The U.S. Court of Appeals for the Federal Circuit has held that a good-faith belief of invalidity may negate the specific intent required for induced infringement.  While it was previously clear that a good-faith belief of non-infringement is relevant as a defense to induced infringement, the Federal Circuit, until now, had not determined whether a good-faith belief of invalidity could similarly negate the requisite intent for induced infringement.

The case, Commil USA LLC v. Cisco Systems Inc., No. 12-1042 (Fed. Cir. Jun. 25, 2013) concerns a patent for wireless-transmission technology held by Texas-based Commil.  The patent covers a way of maintaining network connections through a series of base stations, which Commil alleges was infringed by Cisco’s use of Wi-Fi access points and controllers.  The United States District Court for the Eastern District of Texas prevented Cisco from presenting evidence of its good-faith belief of invalidity of Commil’s patent and awarded Commil $63.8 million in damages.

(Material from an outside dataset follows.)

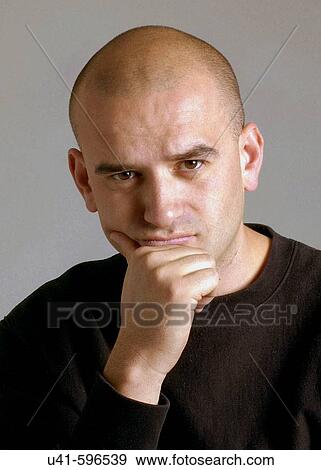 Bald 38 year old man showing a serious expression. View Large Photo Image Stock Photo - Bald 38 year old man showing a serious expression.. Fotosearch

The Federal Circuit found no distinction between a good-faith belief of non-infringement and a good-faith belief of invalidity in determining whether a defendant possessed the specific intent necessary to induce infringement.  The Court concluded that even if a party is aware of a patent and induces a third party to perform the steps of a patent claim, if the party believes the patent is not valid, it cannot be said that the party intended to induce infringement.

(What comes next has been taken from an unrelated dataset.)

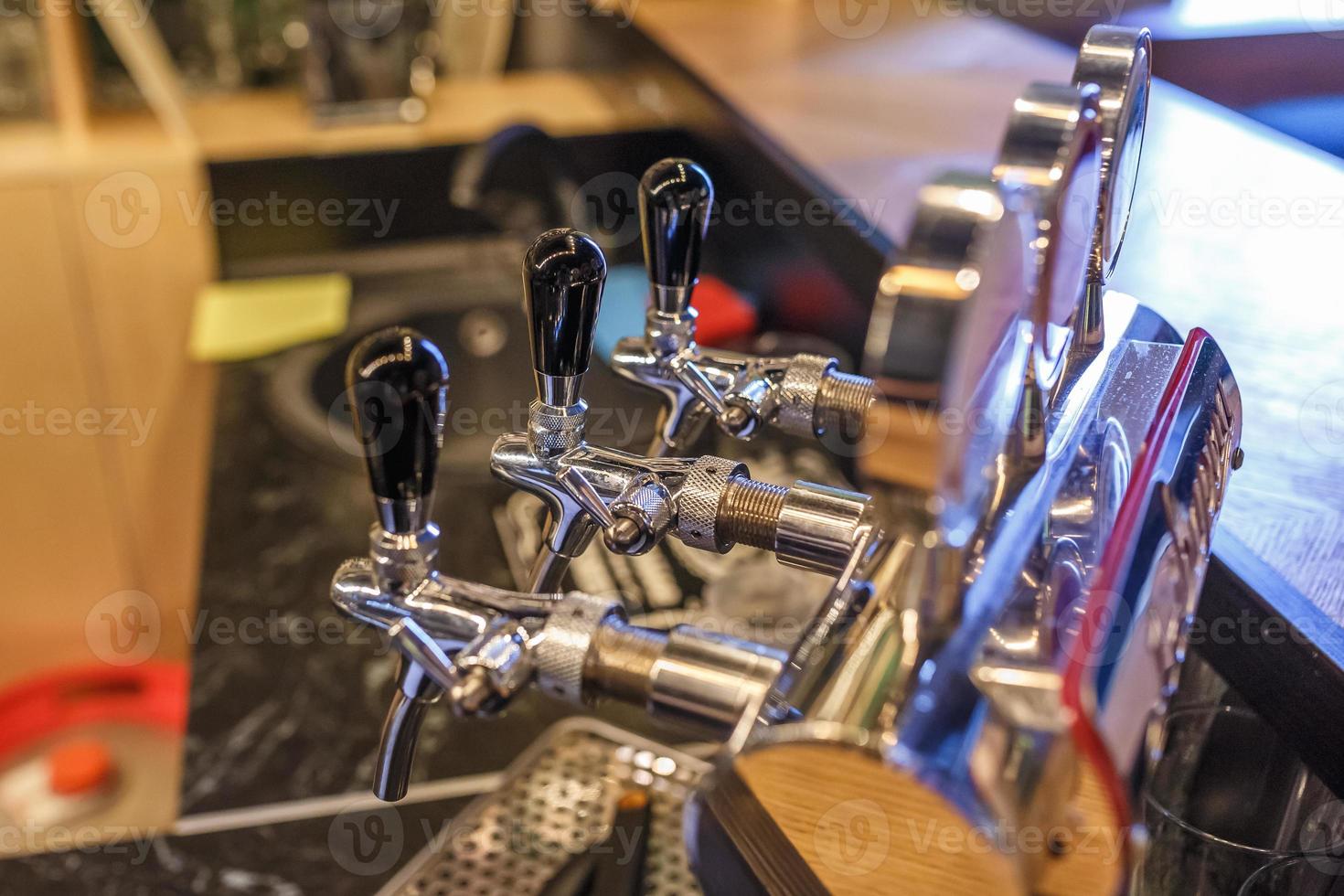 row of cranes for bottled craft beer and drinks in elite bar photo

The Court also clarified the intent standard for induced infringement as enunciated by the U.S. Supreme Court in Global-Tech Appliances, Inc., v. SEB S.A., decided in 2011.  In that case, the Supreme Court determined that actual knowledge or willful blindness is required for induced infringement.  The Federal Circuit held that in light of Global-Tech, the district court’s jury instructions-in permitting a finding of induced infringement based on mere negligence-were erroneous.

As a result of the Federal Circuit’s ruling, defendants may now present evidence of a good-faith belief of invalidity to defeat liability based on induced infringement.  Such evidence may include an opinion letter of invalidity or a reexamination request.